Deductions for allowable charitable contributions are limited to 10% of taxable income (before deducting contributions) when taxable income does not exceed TU 10,000. When taxable income exceeds TU 10,000, charitable contributions are limited to 8% of taxable income. For oil extraction companies, the deduction is limited to 1% of the pre-contribution tax amount.
Fines and penalties
Income tax regulations do not expressly provide for the treatment of fines and penalties; however, such expenses are not deductible as they do not meet the normality and necessity requirements.
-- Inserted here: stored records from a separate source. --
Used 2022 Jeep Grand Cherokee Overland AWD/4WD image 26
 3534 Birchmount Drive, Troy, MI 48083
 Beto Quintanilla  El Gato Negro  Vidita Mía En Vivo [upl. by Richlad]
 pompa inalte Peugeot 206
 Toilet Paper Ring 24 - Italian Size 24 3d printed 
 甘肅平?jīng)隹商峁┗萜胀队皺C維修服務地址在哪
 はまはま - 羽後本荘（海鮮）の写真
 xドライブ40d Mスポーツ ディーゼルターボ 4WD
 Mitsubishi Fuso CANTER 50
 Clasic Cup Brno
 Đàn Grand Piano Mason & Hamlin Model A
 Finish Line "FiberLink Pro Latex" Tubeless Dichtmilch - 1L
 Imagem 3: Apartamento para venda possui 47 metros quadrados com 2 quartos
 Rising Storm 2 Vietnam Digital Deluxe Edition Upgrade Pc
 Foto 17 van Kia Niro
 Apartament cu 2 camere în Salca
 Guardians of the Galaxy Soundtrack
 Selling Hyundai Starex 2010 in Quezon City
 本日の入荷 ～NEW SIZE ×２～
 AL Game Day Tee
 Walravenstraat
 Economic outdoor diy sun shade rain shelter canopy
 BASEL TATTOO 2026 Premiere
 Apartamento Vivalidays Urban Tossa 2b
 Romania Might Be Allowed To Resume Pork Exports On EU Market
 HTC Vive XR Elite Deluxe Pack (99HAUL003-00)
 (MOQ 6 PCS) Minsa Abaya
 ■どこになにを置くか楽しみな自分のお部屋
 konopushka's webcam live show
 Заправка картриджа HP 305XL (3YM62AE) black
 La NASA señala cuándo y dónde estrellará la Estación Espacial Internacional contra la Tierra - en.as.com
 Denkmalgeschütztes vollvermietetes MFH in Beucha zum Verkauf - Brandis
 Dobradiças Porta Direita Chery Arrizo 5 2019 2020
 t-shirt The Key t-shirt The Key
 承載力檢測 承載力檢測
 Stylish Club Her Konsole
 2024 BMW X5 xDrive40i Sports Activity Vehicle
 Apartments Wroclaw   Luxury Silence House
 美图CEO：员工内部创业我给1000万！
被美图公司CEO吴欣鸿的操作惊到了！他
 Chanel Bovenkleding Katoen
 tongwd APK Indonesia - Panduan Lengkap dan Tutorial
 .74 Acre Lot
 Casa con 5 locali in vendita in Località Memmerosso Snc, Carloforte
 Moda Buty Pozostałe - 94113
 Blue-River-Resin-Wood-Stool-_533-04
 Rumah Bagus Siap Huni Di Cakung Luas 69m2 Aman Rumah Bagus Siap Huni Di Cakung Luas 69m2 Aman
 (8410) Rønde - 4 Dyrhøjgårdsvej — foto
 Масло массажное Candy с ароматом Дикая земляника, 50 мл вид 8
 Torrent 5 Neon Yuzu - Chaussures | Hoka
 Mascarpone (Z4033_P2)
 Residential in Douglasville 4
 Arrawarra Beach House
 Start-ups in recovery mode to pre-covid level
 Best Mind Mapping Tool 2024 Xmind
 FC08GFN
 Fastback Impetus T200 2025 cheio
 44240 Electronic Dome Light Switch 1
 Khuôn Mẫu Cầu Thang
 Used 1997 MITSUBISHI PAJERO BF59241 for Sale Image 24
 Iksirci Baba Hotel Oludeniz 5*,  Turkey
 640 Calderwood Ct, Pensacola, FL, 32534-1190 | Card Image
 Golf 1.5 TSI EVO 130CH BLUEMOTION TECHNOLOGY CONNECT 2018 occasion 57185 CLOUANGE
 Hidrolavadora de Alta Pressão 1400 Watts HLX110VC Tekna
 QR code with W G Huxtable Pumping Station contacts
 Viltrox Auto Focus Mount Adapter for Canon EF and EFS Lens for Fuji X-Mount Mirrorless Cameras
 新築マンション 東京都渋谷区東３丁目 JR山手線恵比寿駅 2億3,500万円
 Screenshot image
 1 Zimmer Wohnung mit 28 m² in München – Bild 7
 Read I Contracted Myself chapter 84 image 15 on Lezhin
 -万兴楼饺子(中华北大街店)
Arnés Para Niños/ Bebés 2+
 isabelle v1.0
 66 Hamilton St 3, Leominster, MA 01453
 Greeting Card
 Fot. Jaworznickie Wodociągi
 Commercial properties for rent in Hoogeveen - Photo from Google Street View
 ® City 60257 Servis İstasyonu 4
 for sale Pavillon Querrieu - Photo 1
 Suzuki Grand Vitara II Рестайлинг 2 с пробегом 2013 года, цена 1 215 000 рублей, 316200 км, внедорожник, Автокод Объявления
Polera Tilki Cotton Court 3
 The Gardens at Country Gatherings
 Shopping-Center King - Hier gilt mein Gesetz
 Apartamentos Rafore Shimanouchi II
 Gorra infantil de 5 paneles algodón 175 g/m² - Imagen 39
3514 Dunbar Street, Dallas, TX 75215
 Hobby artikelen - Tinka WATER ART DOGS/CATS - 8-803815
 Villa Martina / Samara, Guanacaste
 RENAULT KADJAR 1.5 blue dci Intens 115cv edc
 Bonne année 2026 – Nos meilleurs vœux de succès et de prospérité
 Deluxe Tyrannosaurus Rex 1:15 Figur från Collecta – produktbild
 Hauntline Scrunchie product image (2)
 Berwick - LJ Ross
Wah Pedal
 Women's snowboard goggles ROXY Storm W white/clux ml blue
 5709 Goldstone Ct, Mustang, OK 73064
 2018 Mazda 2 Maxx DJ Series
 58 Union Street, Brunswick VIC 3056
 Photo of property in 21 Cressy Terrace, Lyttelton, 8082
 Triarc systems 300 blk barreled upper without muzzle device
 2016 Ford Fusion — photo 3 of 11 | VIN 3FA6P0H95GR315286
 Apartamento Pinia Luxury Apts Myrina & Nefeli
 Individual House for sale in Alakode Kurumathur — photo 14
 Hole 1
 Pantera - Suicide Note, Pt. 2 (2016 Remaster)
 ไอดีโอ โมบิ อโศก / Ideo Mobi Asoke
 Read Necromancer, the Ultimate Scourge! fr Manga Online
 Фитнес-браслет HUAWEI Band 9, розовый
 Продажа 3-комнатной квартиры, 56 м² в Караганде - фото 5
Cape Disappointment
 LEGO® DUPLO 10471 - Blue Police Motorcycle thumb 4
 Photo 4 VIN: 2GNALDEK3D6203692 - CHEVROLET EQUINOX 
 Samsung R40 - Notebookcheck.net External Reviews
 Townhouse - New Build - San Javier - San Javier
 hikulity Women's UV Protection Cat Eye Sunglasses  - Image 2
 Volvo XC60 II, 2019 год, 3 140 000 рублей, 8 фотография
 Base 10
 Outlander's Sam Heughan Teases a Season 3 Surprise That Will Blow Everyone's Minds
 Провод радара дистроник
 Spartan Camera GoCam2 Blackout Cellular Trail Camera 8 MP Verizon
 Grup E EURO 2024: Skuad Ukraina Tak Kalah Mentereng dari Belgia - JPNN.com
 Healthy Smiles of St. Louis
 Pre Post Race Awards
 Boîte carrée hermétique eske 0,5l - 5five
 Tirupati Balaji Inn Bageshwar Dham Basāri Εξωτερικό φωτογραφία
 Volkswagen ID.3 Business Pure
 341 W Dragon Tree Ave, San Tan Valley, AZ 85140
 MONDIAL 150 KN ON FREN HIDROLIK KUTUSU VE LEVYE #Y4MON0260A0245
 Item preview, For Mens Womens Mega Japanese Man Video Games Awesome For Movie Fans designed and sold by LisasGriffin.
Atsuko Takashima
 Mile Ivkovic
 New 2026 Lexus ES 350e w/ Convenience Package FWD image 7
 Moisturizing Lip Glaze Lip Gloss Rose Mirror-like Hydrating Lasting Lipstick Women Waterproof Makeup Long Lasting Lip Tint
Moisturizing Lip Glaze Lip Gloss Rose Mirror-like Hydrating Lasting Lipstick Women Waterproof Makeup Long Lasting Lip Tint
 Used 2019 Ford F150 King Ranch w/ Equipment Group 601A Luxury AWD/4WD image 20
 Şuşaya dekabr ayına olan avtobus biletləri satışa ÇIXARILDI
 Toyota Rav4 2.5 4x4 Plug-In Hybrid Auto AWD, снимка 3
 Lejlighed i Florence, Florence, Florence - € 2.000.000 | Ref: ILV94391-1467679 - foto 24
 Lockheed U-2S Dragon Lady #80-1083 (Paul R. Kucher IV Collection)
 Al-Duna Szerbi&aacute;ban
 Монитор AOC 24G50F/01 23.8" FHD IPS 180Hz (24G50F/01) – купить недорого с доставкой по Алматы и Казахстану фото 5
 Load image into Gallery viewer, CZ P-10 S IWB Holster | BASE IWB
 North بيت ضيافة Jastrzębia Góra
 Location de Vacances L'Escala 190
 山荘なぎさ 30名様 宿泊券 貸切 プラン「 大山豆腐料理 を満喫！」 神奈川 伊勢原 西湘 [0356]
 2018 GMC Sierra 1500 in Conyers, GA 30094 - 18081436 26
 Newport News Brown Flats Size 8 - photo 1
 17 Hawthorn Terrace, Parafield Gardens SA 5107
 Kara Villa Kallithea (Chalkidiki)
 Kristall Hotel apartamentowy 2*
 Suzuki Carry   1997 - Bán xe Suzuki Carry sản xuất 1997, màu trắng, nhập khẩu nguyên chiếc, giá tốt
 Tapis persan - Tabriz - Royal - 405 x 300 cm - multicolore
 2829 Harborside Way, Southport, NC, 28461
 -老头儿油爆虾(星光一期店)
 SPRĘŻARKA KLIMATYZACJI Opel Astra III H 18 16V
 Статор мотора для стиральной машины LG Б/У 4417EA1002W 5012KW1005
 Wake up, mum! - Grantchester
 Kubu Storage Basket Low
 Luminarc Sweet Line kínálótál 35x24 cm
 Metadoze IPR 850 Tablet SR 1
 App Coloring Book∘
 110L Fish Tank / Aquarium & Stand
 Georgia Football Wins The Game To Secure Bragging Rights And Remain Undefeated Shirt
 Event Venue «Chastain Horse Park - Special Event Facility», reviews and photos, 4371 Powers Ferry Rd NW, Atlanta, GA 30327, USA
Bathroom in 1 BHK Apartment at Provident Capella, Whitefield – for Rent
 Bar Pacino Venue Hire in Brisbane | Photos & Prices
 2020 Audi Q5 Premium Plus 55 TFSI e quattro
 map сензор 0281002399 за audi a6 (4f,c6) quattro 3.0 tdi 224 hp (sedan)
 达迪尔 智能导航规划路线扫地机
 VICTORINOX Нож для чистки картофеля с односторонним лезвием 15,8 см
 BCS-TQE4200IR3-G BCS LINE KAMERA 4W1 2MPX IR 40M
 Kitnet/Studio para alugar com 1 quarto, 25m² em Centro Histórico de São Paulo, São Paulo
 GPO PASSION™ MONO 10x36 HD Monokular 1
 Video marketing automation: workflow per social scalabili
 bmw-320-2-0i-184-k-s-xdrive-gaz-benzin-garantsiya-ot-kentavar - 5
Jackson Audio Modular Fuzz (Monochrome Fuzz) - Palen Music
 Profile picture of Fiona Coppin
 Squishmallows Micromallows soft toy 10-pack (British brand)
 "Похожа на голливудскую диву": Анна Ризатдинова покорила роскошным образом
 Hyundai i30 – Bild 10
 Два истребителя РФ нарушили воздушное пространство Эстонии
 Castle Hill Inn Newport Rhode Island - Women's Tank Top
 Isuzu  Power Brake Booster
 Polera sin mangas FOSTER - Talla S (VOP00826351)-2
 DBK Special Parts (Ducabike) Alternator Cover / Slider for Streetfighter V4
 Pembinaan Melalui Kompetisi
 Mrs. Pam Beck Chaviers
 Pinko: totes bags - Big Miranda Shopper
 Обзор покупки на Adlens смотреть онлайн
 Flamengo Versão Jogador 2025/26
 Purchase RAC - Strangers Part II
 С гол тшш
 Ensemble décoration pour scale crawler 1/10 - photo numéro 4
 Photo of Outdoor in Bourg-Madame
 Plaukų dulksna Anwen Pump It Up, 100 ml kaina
Municipal, state, and local taxes are deductible in determining taxable income. Corporate taxes are not deductible.
Other significant items
Payments required by the labour law, such as profit sharing (generally between 15 days and four months' salary) and severance indemnity accruals, are also deductible. In cases of unjustified dismissals, double severance indemnities must be paid. However, accruals for such additional indemnities are generally not deductible until paid.
Corporate tax deduction of employees' compensation and professional fees is subject to compliance with the taxpayer's obligations as employer as provided for in the Law, which entail, among others, withholding obligations.
Net operating losses
Losses may be carried forward for three years. During the three-year term, the amount of losses available to carry forward cannot exceed 25% of the tax period’s taxable income. Carryforward losses derived from the inflation adjustment have been eliminated. Losses may not be carried back. Foreign losses may be offset only against foreign profits.
Payments to foreign affiliates
A Venezuelan corporation may claim a deduction for royalties and technical assistance and for technical service fees paid to foreign affiliates, subject to the following conditions:
- Income tax payable by the recipient is withheld at the source.
- Transfer pricing requirements are met.
- In the case of technical assistance and technological services fees, the expenses may be deducted if such services cannot be otherwise provided in Venezuela.
Foreign companies domiciled in Venezuela are allowed to deduct royalties paid to parent companies or foreign affiliates (see the Withholding taxes section for more information). Branches of foreign companies, however, may not deduct such payments to head offices or related parties.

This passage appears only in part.